Your Most Important Victory
For Epictetus, then, ambition should not be focused on externals but on internals. A Stoic’s greatest, most impressive triumph, he said, is not over other people or enemy armies but over oneself — over our limitations, our tempers, our egos, our petty desires. We all have these impulses; what sets us apart is if we rise above them.
~Lives of the Stoics, Ryan Holiday and Stephen Hanselman
When I moved to my current location nearly 5 years ago, it was right in the middle of the church softball season. I had just left a place where I was playing twice a week, and I was really looking forward to connecting with some new people in the church by playing one of my favorite games.
Since the end of my 8th grade year (in 1995!), I have been playing softball every summer with a brief stoppage from 2008–2011 due to a lack of access. During that time, I’ve been on a handful of championship teams, and ones that came pretty close. One year, we had to win three games in one day, including two against the team that defeated us earlier in the double elimination tournament to put us in the “loser’s bracket”. It was an exhausting, but ultimately triumphant day.
But, somehow, I don’t think Epictetus would be impressed. Mostly because softball didn’t exist in his day, but also because of today’s quote from Lives of the Stoics. As Epictetus argues, our most impressive victories are not over our opponents, but over ourselves.
Sure, there are times in our lives when we will be faced with an opponent. Whether it’s a sports competition, a card game around the kitchen table, or something much more serious, we will face conflict in our lives. Conflict that we will want to win, and we may well do so. A hard-fought victory is one that we can enjoy. We also may lose that conflict — someone always loses in situations like this. But the most important conflicts we will face are the ones within ourselves.
I wish I could say that we will all have life figured out. That we wouldn’t face any difficult situations. But growth happens in such times. If you want to grow as a person, you are going to face inner conflict. Even if you don’t want to grow, you will anyway, so you might as well be ready for it.
At the end of the day, the greatest victory we can have in our lives is over ourselves. Over the part of us that pushes us towards devolving or destruction. We don’t intended to do it, but there is a whole lot of self-sabotage that happens in our lives. There are times when our emotions and our gut reactions will get the better of us. There are times when we will immediately lash out, only to regret it later.
It’s only as we train in our lives that we can overcome such things. And I think it is for this reason that we should consider philosophy in the first place.
Now, I know what some people may think. “A pastor advocating for the study of philosophy?” And, yes, of course, I would advocate for philosophy. Philosophy and faith are not diametrically opposed to one another. Philosophy is the process of asking and reflecting on questions about life. And, ultimately, if it’s not actionable, what good is it? We can certainly do philosophy through the lens of our faith. I see no conflict whatsoever.

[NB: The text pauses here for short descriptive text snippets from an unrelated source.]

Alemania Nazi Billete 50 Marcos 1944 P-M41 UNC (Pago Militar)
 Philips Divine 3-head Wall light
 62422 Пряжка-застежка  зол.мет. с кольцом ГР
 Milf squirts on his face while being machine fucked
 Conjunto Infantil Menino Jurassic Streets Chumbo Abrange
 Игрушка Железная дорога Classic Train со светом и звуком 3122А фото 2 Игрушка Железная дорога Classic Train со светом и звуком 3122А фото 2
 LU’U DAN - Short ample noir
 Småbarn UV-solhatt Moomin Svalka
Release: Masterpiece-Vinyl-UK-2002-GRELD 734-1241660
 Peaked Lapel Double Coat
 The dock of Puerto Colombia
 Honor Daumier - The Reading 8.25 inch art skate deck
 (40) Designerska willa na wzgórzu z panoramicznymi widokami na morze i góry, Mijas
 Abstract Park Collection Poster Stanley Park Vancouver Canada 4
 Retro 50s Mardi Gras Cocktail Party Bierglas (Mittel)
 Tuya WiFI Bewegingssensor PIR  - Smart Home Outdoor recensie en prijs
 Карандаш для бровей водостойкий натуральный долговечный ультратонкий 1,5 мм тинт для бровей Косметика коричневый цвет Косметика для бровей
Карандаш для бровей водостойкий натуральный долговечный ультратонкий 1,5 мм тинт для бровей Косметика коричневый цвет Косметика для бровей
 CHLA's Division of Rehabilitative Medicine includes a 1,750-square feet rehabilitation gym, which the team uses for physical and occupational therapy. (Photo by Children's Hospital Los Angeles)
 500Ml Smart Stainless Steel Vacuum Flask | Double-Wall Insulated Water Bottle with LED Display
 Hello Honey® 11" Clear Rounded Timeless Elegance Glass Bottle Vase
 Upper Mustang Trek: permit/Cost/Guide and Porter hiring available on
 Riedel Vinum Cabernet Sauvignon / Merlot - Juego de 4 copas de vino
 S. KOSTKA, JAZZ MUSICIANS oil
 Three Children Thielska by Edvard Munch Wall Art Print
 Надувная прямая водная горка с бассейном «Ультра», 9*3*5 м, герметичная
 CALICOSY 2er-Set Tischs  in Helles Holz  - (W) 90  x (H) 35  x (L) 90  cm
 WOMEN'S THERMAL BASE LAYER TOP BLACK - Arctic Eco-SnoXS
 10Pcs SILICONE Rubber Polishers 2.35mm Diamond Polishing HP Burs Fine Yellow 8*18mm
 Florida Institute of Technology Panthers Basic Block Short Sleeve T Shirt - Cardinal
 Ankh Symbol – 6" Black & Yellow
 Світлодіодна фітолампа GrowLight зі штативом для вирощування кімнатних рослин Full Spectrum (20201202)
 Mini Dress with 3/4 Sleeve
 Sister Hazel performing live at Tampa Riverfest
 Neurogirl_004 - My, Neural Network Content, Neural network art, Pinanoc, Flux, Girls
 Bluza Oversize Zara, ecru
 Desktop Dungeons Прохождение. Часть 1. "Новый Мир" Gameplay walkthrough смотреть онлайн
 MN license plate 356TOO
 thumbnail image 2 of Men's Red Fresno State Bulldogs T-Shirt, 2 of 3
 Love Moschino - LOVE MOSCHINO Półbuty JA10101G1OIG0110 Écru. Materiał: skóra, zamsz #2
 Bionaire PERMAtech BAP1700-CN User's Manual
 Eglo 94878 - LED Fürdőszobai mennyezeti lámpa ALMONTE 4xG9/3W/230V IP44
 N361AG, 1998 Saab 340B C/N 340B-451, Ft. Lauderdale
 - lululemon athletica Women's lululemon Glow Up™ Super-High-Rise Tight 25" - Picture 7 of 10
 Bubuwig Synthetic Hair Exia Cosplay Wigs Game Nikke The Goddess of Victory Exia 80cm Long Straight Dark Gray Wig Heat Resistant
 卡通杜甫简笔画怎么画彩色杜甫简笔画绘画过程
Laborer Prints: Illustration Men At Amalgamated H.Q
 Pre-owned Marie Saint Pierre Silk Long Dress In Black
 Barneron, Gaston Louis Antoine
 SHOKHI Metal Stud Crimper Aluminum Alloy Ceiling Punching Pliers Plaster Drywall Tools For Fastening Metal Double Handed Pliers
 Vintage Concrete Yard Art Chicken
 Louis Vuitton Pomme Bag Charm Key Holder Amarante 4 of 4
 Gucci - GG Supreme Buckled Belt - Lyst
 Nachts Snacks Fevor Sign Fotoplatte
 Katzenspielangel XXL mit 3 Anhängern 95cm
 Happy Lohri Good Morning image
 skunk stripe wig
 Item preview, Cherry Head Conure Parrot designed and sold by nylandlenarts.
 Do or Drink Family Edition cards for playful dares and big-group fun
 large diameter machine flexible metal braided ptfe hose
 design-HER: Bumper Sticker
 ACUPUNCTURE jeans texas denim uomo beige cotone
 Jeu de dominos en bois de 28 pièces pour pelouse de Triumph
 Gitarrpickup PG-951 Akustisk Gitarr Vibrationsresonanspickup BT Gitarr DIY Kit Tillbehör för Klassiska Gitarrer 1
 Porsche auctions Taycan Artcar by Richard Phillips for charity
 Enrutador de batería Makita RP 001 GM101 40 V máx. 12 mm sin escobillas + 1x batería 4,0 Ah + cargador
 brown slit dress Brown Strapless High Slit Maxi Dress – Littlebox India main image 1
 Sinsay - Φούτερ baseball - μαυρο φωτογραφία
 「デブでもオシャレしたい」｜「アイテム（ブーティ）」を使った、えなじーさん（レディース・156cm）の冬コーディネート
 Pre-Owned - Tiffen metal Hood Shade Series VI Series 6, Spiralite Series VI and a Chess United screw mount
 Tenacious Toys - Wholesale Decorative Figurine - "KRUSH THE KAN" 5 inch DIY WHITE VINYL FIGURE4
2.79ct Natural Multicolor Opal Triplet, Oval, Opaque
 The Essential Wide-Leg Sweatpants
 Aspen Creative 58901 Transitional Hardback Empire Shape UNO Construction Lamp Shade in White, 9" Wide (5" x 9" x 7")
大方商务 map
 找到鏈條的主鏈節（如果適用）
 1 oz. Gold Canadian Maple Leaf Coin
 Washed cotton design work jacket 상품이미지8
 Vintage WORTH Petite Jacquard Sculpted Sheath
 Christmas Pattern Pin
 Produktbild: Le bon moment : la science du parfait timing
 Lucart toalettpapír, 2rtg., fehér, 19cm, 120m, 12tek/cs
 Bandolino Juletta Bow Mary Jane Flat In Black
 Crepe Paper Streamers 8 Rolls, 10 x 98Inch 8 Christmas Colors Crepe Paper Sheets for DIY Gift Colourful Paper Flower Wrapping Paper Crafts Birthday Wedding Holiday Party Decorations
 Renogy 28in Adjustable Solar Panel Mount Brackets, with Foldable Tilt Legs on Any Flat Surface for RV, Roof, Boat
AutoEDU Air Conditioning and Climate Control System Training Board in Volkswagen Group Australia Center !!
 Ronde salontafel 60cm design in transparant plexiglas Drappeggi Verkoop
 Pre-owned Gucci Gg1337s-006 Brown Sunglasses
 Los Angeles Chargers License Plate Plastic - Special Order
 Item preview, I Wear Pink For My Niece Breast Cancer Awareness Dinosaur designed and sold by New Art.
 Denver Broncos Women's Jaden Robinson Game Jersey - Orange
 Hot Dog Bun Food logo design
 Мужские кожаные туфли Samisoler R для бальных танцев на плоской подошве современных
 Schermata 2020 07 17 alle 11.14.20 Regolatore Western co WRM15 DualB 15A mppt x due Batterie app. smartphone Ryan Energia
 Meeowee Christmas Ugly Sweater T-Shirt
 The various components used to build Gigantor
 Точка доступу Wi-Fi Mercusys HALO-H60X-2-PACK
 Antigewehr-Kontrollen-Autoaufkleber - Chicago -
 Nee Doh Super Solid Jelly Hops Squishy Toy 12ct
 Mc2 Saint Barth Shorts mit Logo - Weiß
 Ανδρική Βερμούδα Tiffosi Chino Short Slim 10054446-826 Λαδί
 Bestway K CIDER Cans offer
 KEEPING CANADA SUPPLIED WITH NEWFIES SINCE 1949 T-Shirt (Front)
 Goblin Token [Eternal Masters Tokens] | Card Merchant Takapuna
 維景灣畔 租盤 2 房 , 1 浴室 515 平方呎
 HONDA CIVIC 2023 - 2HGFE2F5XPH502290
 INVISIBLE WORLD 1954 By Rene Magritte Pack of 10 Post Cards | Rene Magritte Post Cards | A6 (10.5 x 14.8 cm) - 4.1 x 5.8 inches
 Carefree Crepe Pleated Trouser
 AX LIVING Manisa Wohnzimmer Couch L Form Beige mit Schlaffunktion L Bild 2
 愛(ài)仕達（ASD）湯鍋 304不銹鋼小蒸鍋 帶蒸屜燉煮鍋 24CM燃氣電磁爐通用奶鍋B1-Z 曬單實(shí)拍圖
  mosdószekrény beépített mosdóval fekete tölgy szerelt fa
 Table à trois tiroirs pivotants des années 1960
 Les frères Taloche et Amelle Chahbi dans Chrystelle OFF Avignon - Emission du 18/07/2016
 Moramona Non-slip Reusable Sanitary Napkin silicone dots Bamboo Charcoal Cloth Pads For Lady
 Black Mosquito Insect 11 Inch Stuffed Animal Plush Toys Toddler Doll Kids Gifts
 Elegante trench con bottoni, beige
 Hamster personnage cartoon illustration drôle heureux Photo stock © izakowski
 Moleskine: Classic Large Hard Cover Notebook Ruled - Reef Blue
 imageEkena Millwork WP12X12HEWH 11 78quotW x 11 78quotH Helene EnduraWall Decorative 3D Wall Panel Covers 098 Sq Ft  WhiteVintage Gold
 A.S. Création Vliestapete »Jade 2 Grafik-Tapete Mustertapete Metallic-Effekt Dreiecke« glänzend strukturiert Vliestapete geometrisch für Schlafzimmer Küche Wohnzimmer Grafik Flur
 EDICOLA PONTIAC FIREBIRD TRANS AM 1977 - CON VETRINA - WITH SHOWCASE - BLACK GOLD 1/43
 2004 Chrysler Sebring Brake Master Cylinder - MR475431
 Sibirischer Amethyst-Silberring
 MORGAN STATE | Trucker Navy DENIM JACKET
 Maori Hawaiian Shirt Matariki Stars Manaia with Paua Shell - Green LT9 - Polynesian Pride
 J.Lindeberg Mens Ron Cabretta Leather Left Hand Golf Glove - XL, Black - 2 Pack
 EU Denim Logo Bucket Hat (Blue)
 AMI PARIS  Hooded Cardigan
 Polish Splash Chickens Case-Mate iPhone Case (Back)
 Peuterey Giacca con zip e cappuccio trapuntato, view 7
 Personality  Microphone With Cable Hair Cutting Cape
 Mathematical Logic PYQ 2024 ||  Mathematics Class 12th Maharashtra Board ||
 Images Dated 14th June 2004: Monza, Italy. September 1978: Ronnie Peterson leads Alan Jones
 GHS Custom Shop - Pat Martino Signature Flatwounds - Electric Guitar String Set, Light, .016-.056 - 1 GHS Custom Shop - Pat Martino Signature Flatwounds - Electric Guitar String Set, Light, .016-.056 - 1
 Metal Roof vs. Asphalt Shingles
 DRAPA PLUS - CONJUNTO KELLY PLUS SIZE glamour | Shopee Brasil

In fact, I would argue that the Holy Spirit can work in our lives through the reflection that philosophy brings us. The Holy Spirit is the spirit of truth, and truth shapes us into who God is calling us to be. The inner conflicts, and inner victories, come to us, not through sheer force of will, but through the grace of God at work in our lives — encouraging us, building us up, shaping us as the potter working the clay.
In the end, the most impressive victories we are going to have in life are the victory over the inner self. Because those are the conflicts that are going to truly shape who we are in the days to come.